Southgate adopted a pared FY2026–27 operating budget and capital improvement program Wednesday after a year‑long process that identified an ongoing structural gap. The council approved the spending plan and master fee schedule after staff outlined nearly $9.3 million in reductions over two years intended to balance the general fund starting July 1.
The council vote followed a detailed presentation from Administrative Services director Louise (transcript name) and City Manager Houston, who recapped the city’s multi‑year shortfall and a list of cost drivers: pension liabilities, rising health and liability insurance costs, energy and contract inflation, and weaker than projected sales‑tax receipts. “Reoccurring expenditures are still exceeding reoccurring revenues,” Louise told the council, summarizing the structural nature of the gap.
Why it matters: without structural revenue increases, the city projects it could exhaust reserves within a few years. Staff said a passed utility users tax (UUT) would create a predictable, structural revenue stream that could restore services and protect reserves; if the UUT fails, staff warned that more cuts would be required and insolvency risks would grow.
What was adopted: the council approved total appropriations across all funds of about $228 million, including roughly $72 million in general‑fund appropriations and a roughly $88.9 million capital program. The adopted budget reflects the reductions the council directed earlier this year and preserves emergency reserve targets while drawing on a one‑time stabilization reserve to smooth the transition.
The UUT debate: staff returned to council with updated revenue forecasts showing revenue softness since the April discussion. Under those forecasts, a 7% UUT — the rate staff had been asked previously to place on the ballot — would leave little margin and require further cuts to fully restore services. An 8% UUT reduces the gap materially and gives limited one‑time room; a 9% UUT provides substantially more structural relief in the near term.
Household impact: staff modeled estimated impacts for a typical combined monthly utility bill.
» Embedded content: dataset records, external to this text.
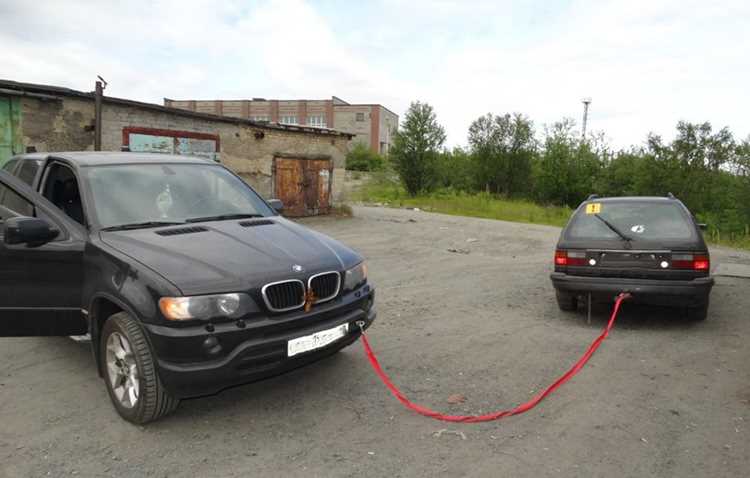 Буксировка авто с АКПП при выключенном двигателе: правила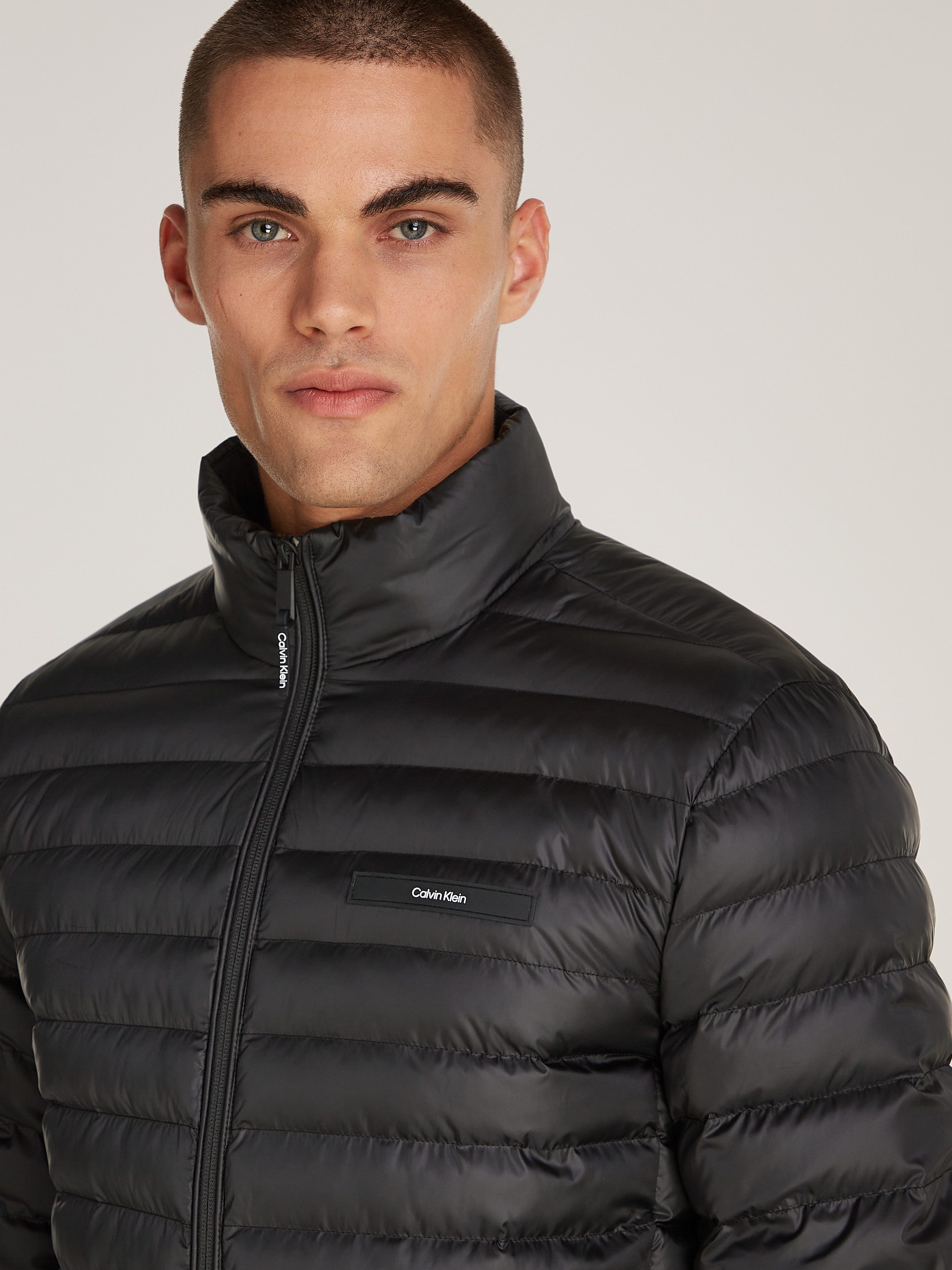 Calvin Klein Gewatteerde jas PACKABLE QUILT JACKET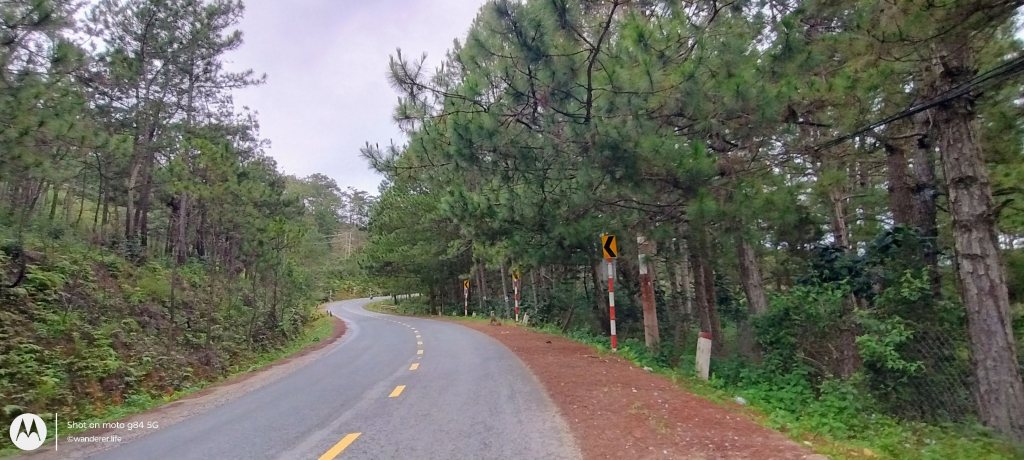 DT722 Da Lat vietnam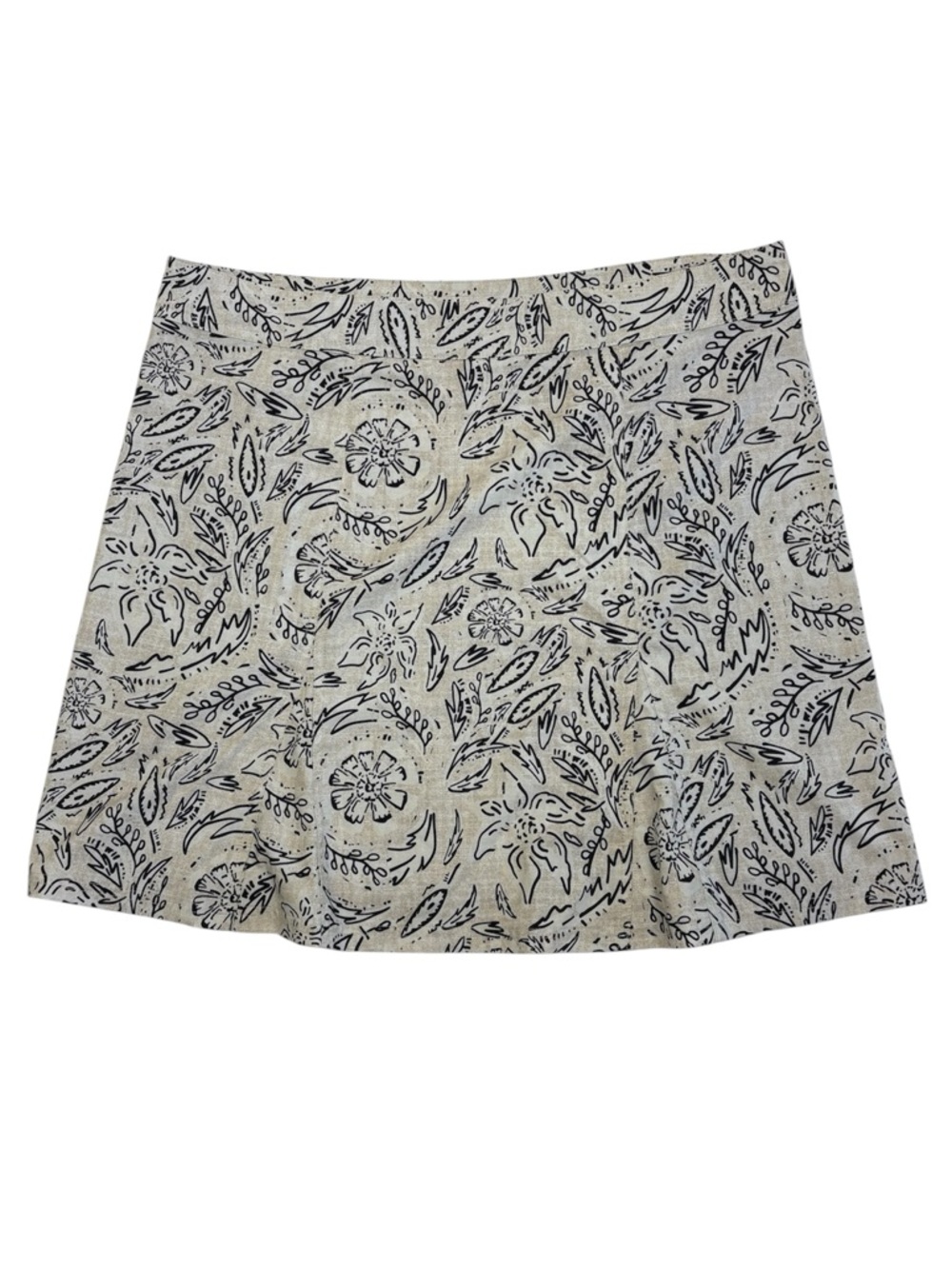 RipSkirt Hawaii Floral Rustica Wrap Swim Skirt XL Like New Quick Dry Cover Up - Picture 7 of 9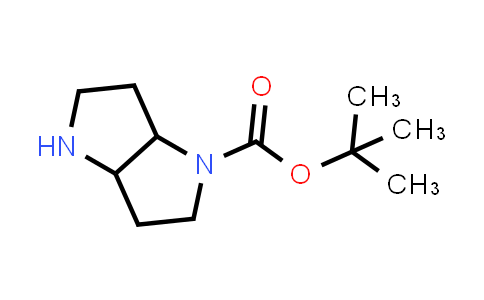 CAS No. 885277-81-6, tert-Butyl hexahydropyrrolo[3,2-b]pyrrole-1(2H)-carboxylate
The difference between options is modest in dollar terms: moving from 7% to 8% was shown as roughly a few dollars more per month for an average household; a 9% rate adds in the neighborhood of $10–$11 per month compared with no UUT, depending on household usage and which utilities are taxed.
One‑year water discount proposal: to soften the first‑year hit on households if council chooses a higher rate, Vice Mayor Rios asked staff to model a one‑year, temporary discount to water bills funded from water fund reserves. Staff reported a 10% discount would reduce water‑fund revenues by about $2 million for one year and would be feasible using current reserves but warned that larger or multi‑year discounts would slow scheduled water CIP projects (meter replacements, treatment upgrades, water‑main work) and require a careful prioritization.
Public safety and community comments: dozens of residents weighed in during public comment. Several speakers — including a Southgate Police Officers Association representative — urged council to prioritize public safety spending and said the poorest residents suffer most when response times lengthen. Others pressed for more transparent outreach about restricted (grant) money versus general‑fund spending.
Next steps: Council voted to continue the final decision on the UUT rate so staff can return with additional scenarios (different water‑discount levels and attendant CIP impacts) and final ballot language. Council directed staff to submit the adopted budget and to return UUT policy options and precise ballot materials for the council’s final action at a future meeting. The November 3 ballot remains the target date for voter consideration of a UUT.